Some approaches developed to address challenges of spaceflight can also shape life on Earth; NASA regularly highlights "spinoff" technologies you don't need to go to orbit to appreciate. Other challenges and solutions of space lack those spinoff applications.
Sometimes, the idea of a fallback world is stretched even further beyond the bounds of possibility, to places we can't pragmatically visit. "Amazing scientific discoveries, for example, exoplanets, get co-opted into problematic stories about our own life here on Earth. Exoplanets do get framed as a Planet B," Denning said. "That's become the story, that that is why exoplanets are important, because maybe we can go there when we've destroyed Earth." That reasoning ignores the scientific importance of studying these distant alien planets.
Transferring humanity elsewhere also has consequences for destination worlds.
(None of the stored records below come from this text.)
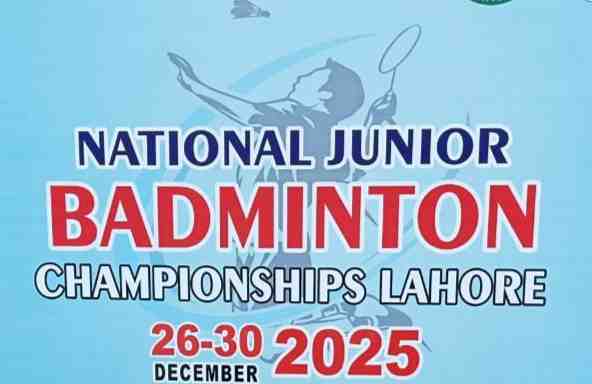 National Junior Badminton Championship 2025 starts in Lahore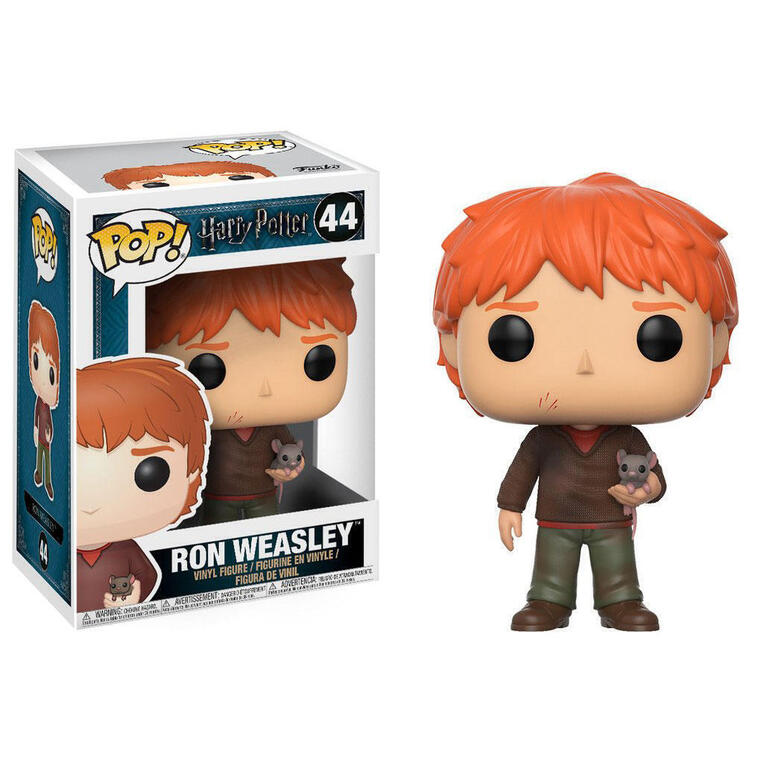 Funko POP! Harry Potter - Ron Weasley with Scabbers #44 Φιγούρα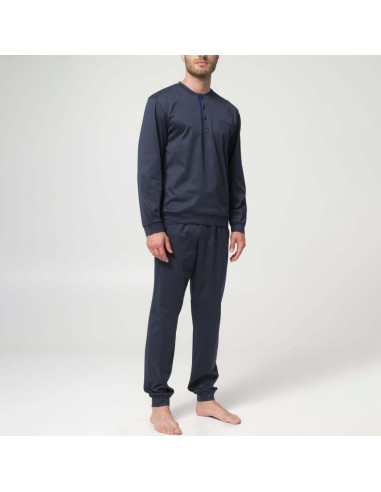 JULIPET PIGIAMA UOMO SERAFINO MANICHE LUNGHE E...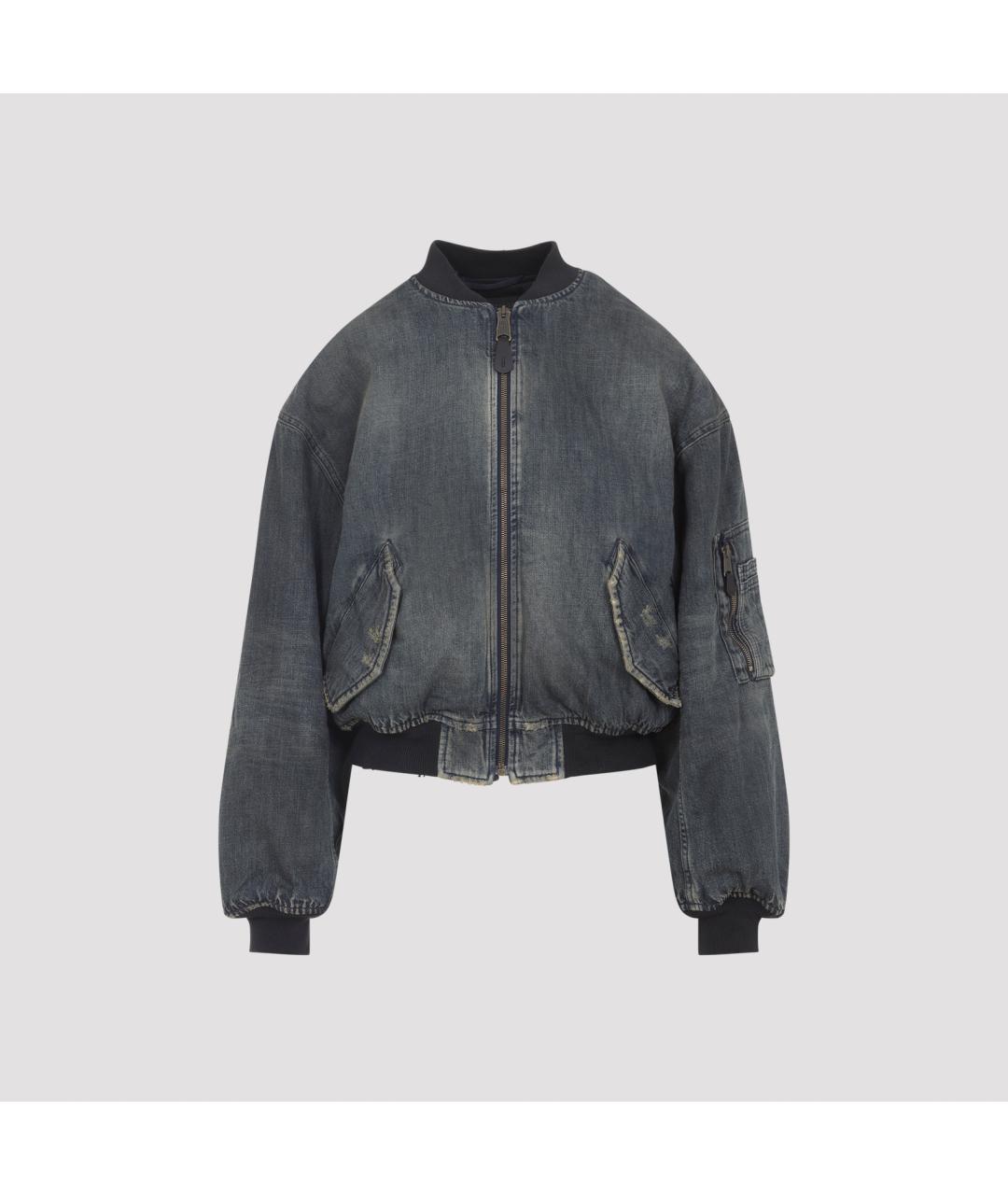 BALENCIAGA Синяя хлопковая куртка, фото 2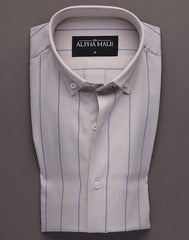 Biege & Blue Stripes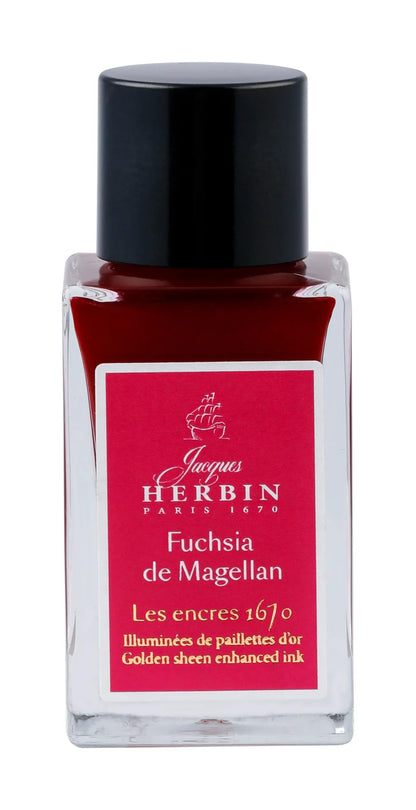 Ink 1670 with gold glitter 15ml - Fuchsia de Magellan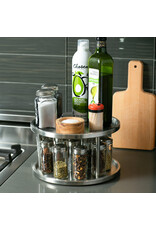 RSVP International 2 Tier Stainless Steel Turntable Lazy Susan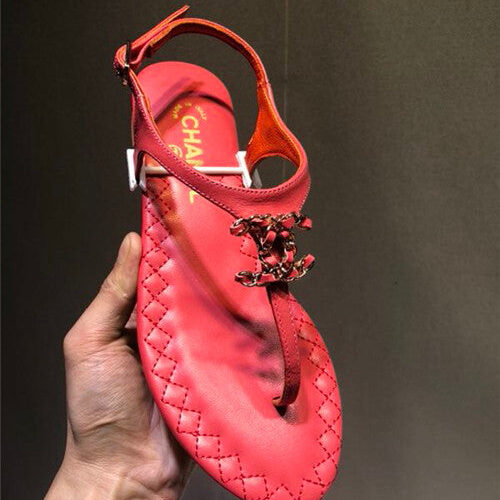 High Quality Luxury Chanel Sheepskin Flat Sandals – Style 54886 product detail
Some of those concerns are addressed by planetary-protection guidelines, which are designed in part to reduce the odds that terrestrial contamination will prevent scientists from being able to determine whether life exists on other worlds.
Still, Denning said she's not convinced that those guidelines are enough to protect either other worlds and any life there or even astronauts themselves. "I'm not saying Mars off limits forever or anything like that," she said. "In my ideal universe, we would just be slowing down and taking more time and making sure that we get it right for everybody's sake, for the sake of any humans you're sending out there as well."
Those concerns apply to exploration on the scale of just a handful of astronauts as well as to the more sizable and permanent migration implied by the term Planet B. But in both cases, humans have a lot of potential to change the worlds they visit, purposefully or accidentally. And Denning said she wishes we would spend more time now discussing what those worlds' futures may someday look like.
"We've got worlds out there that we haven't really messed up yet," Denning said, wistfully pointing out that if we're careful, we can keep them that way. "Wouldn't it be nice?"